Políticamente, la campaña por el “leave” fue hegemonizada por el ala derecha del partido conservador y por la extrema derecha del UKIP que desplegó un discurso demagógico patriotero, xenófobo y antiinmigrante. En ese sentido es parecido a la demagogia de Donald Trump en Estados Unidos que apela al nacionalismo y al racismo como “salidas” sencillas para los sectores más postergados, que han perdido el empleo o temen perderlo y que ven en los cambios demográficos y sociales una amenaza a su estilo de vida. Y por eso mismo fue recibida como un triunfo propio por los partidos de la extrema derecha europea.

El voto por el “remain” tampoco tenía un contenido progresivo. Si bien algunos trataron de presentarlo como una suerte de “mal menor” frente al avance de la extrema derecha, y en cierto sentido Jeremy Corbyn hizo una campaña con críticas por el “remain”, lo cierto es que ese voto fortalecía a la Europa del capital, de los ajustes y de las políticas racistas que transformaron a la UE en una fortaleza contra los inmigrantes.

 

La respuesta por izquierda a la crisis de la Europa del capital

La crisis de 2008 puso de relieve las líneas de falla de la construcción de la Unión Europea, que quedó dividida entre el norte que orbita en torno a Alemania y el sur de los países endeudados. El intento de Alemania de rediseñar la UE en función de sus intereses imperiales con la imposición de brutales planes de ajuste va en detrimento de las potencias menores del bloque europeo que ven perder grados de soberanía a manos de la “troika”. El ejemplo de Grecia fue aleccionador, obligada a aplicar una austeridad brutal a cambio de seguir perteneciendo a la UE y acceder a los rescates bancarios. La crisis del proyecto europeo dio un salto con la llegada de oleadas de refugiados provenientes de África y Medio Oriente, que huyen de las guerras en las que intervienen varias potencias de la UE. El Brexit fue un nuevo salto, un golpe al plexo de la Unión Europea, considerado por varios analistas como el proyecto burgués más ambicioso de la posguerra fría.

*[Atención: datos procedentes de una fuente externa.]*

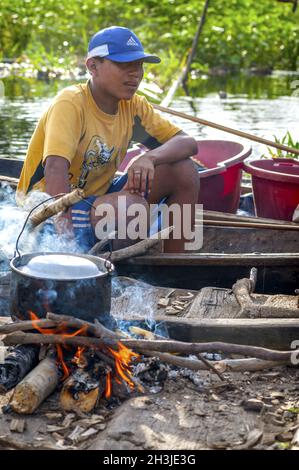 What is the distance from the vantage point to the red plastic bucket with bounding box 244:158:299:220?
5.59 meters

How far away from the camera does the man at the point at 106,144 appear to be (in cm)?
415

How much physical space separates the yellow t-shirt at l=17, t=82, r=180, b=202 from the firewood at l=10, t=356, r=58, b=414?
4.56 ft

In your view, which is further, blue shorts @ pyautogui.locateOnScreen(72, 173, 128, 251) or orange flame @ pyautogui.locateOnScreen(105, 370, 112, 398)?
blue shorts @ pyautogui.locateOnScreen(72, 173, 128, 251)

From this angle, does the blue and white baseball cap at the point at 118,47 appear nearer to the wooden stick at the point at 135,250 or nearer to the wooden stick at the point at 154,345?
the wooden stick at the point at 135,250

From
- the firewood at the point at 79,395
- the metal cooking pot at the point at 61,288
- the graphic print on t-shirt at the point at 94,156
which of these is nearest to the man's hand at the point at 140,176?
the graphic print on t-shirt at the point at 94,156

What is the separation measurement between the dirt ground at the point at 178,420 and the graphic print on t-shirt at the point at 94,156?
1.59 meters

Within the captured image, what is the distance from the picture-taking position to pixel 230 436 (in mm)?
2877

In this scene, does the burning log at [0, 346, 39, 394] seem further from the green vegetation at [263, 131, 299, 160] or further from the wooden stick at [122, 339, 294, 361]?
the green vegetation at [263, 131, 299, 160]

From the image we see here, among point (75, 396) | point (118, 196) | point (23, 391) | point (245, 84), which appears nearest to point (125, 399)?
point (75, 396)

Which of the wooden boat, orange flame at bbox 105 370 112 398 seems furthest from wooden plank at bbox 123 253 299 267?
orange flame at bbox 105 370 112 398

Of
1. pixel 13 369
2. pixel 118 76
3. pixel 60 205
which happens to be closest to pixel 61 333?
pixel 13 369

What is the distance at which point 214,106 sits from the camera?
13016 mm

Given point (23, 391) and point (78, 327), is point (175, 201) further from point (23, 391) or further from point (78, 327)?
point (23, 391)

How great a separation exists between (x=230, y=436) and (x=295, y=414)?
36cm
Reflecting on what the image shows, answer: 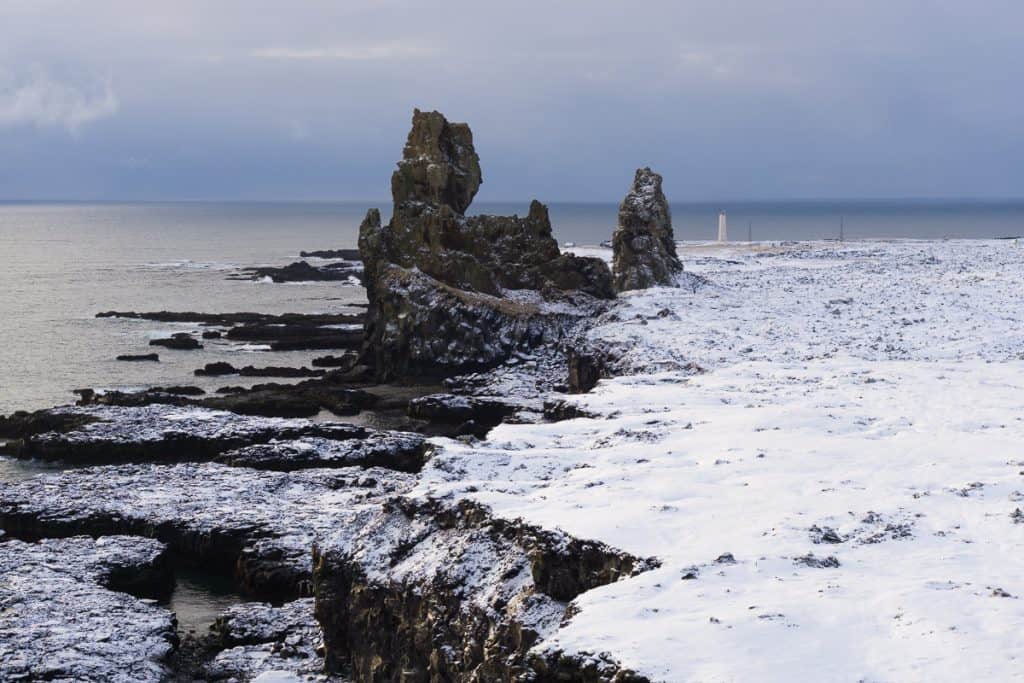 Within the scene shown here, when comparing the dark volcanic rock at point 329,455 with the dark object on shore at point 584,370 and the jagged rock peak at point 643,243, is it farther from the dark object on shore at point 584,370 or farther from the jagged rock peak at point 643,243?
the jagged rock peak at point 643,243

La unidad capitalista de Europa, al servicio de los grandes monopolios y los banqueros, bajo la dirección de Alemania es irreformable en el sentido de que sería posible cambiar su contenido imperialista. Su tratado constitutivo es claramente neoliberal. Pero el repliegue a las fronteras nacionales no es una salida progresiva, sino que viene de la mano de la xenofobia y el racismo. El ascenso de la extrema derecha en Europa es un llamado de alerta para las fuerzas de izquierda. Solo se podrá conjurar levantando claramente la perspectiva de la unidad socialista de Europa, una integración liderada por y al servicio de los trabajadores.

 

  1. Para un análisis del peso de la City de Londres ver entrevita a T. Norfield en esta misma revista, autor del libro The City: London and the Global Power of Finance, Londres, Verso, 2016.
  2. Mair, Peter, Ruling the Void: The Hollowing of Western Democracy, Londres, Verso, 2013.
  3. A. Callinicos, “Brexit: A world-historic turn”, International Socialism 151.
  4. Sobre las oscilaciones de la burguesía británica con respecto a la Unión Europea y la política de Thatcher y sus herederos ver: P. Anderson, El nuevo Viejo Mundo, Primera Parte: La unión, Madrid, Akal, 2009. En particular su interesante análisis sobre la influencia de las ideas de Friedrich Hayek en los distintos momentos del proceso de unidad europeo.